I want to write code that gets the word count of words of a selected column header after tokenizing the words of the selected column (in dictionary style key-value pairs). I also want to keep the word count sorted by value in descending order. eg.

Location_Desc

Engine: 2

Transmission: 1

This is the code I have so far:

            int colNumber;
            for(colNumber=0; colNumber<columns.Length; colNumber++)
            {
                if ( columns[colNumber].Equals(columnHeader))
                {
                    break;
                }
            }

            Debug.WriteLine("Column Number: " + colNumber);
            for(int i=0; i<inputCsv.Length; i++)
            {
                string[] row = inputCsv[i].Split(",(?=([^\"]*\"[^\"]*\")*[^\"]*$)");
                string column = row[colNumber];
                Debug.WriteLine(row.ToString());
            }

I was able to get the column header name via a for loop, but not only am I unable to ignore commas inside of quotations, I was unable to get the values from the column header (also known as a Series in Python's Pandas).

Help is much appreciated!

There are a lot of libraries to read CSV files. For example, [CsvHelper](https://joshclose.github.io/CsvHelper/). Consider using it to read CSV file. It will save you a lot of time. — Iliar Turdushev, May 06 '20 at 05:29
`I want to write code that gets the word count of words of a selected column header after tokenizing the words of the selected column (in dictionary style key-value pairs).` I have a question related to this part of you problem. What is expected result for column `Fault_type` in your sample: **1.** one pair `("Poor fit": 3)` or **2.** two pairs `("Poor": 3)` and `("fit": 3)`? — Iliar Turdushev, May 06 '20 at 05:33

RoadRunner · Answer 1 · 2020-05-07T06:46:40.943

I would probably store your counts in Dictionary<string, Dictionary<string , long>>, rather than a 2D array. Then you can access each columns counts much easier.

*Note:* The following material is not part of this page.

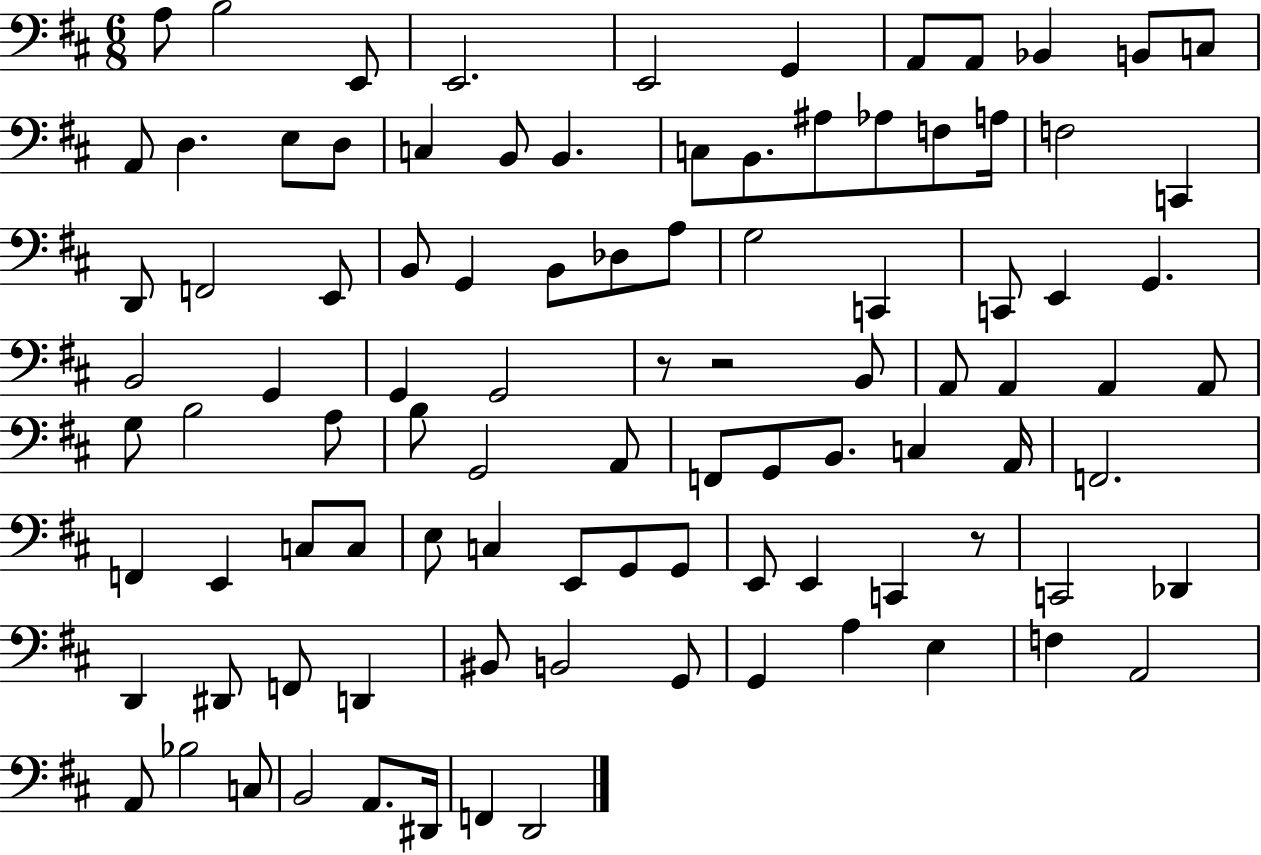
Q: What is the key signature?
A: D major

Using the CsvHelper NuGet package, we can create a class to model your CSV file. The only thing we have to be careful here is choosing the correct datatypes for your columns. The data types I've chosen may not be the best for your situation. You can also find the The API Documentation here.

public class CsvModel
{
    [Name("")]
    public string RowNumber { get; set; }
    [Name("Location_Code")]
    public string LocationCode { get; set; }
    [Name("Location_Desc")]
    public string LocationDesc { get; set; }
    [Name("Type_Code")]
    public long TypeCode { get; set; }
    [Name("Fault_type")]
    public string FaultType { get; set; }
    [Name("Prod_Number")]
    public long ProdNumber { get; set; }
    public string Model { get; set; }
    public string Causer { get; set; }
    public string Auditor { get; set; }
    public long Prio { get; set; }
    [Name("Capture_Date")]
    public DateTime CaptureDate { get; set; }
    public long Steer { get; set; }
    public long Engine { get; set; }
    public long Country { get; set; }
    [Name("Current shift number")]
    public string CurrentShiftNumber { get; set; }
    public string VIN { get; set; }
    public string Comment { get; set; }
    public string Shift { get; set; }
    public long Year { get; set; }
    [Name("Fault location C_Code")]
    public string FaultLocationCCode { get; set; }
    [Name("Fault location C_Desc")]
    public string FaultLocationCDesk { get; set; }
    [Name("Fault type C_Code")]
    public string FaultTypeCCode { get; set; }
    [Name("Fault type C_Desc")]
    public string FaultTypeCDesc { get; set; }
    [Name("Comment R")]
    public string CommentR { get; set; }
    [Name("Baumuster Sales desc.")]
    public string BaumusterSalesDesc { get; set; }
    [Name("Baumuster Technical desc.")]
    public string BaumusterTechnicalDesc { get; set; }
    public string T24 { get; set; }
}

Then we can read the records into a IEnumerable<CsvMode> with GetRecords<T>:

var path = "C:\\data.csv";

using var reader = new StreamReader(path);

using var csv = new CsvReader(reader, CultureInfo.InvariantCulture);

var records = csv.GetRecords<CsvModel>();

Then use reflection to get the column counts into a Dictionary<string, Dictionary<string , long>>:

var recordCounts = new Dictionary<string, Dictionary<string, long>>();

foreach (var record in records)
{
    var properties = record.GetType().GetProperties();

    foreach (var property in properties)
    {
        var propertyName = property.Name;
        if (!recordCounts.ContainsKey(propertyName))
        {
            recordCounts.Add(propertyName, new Dictionary<string, long>());
        }

        var propertyValue = property.GetValue(record, null);
        var propertyKey = propertyValue.ToString();
        if (propertyValue != null && !string.IsNullOrEmpty(propertyKey))
        {
            var count = recordCounts[propertyName].GetValueOrDefault(propertyKey, 0) + 1;
            recordCounts[propertyName][propertyKey] = count;
        }
    }
}

Then we can sort the column counts in descending order by creating a new dictionary with LINQ:

var sortedRecordCounts = recordCounts
    .ToDictionary(
        kvp => kvp.Key, 
        kvp => new SortedDictionary<string, long>(
            kvp.Value.OrderByDescending(kvp => kvp.Value)
                     .ToDictionary(
                         kvp => kvp.Key, 
                         kvp => kvp.Value)));

Which uses Enumerable.ToDictionary to create dictionaries(inner + outer), and sorts the counts in descending order with Enumerable.OrderByDescending.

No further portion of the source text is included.